# First planted tank. Wondering if you guys got any suggestions.



## bbqbetta (Aug 19, 2012)

My first planted tank. Using substrate is flora designed to keep ph at around 6.5 to 7. I have glosso and hairgrass infront. 
I dose co2 by excel (1 line everyday before lights on) they stay on for about 8 to 10 hours depending on wether I can switch it off or not. Also I dose a line of flourish liquid fertilizer so far no algae.
I use 13w fluval light on this 2 gallon spec. 

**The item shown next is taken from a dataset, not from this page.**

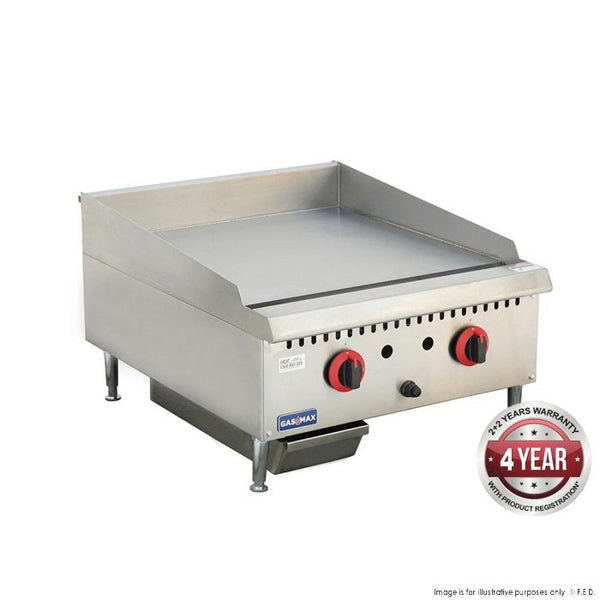 GG-24 Two burner NG Griddle Top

Do you guys think I need additional co2? I'm worried that ph will fluctuate too much if I add more co2. Tanks been up since dec 13. Also, would mexican dwarft lobsters do okay with these plants or will they mow down plants? Suggestions n tips welcome. Thanks


Sent from my SAMSUNG-SGH-I317 using Tapatalk 2


----------



## CRS Fan (Apr 21, 2010)

Tank looks good for a first-timer. I would definitely get a small cheap timer and put your tank on a 7-8 hour photoperiod (hardware stores will cary them). I would also add some more fast growing plants (like Hygrophila polysperma, Rotala rotundifolia, or something similar). Your may experience an algae bloom if you don't cut down the photoperiod and add some quick growing plants soon.

JMHO !

Stuart


----------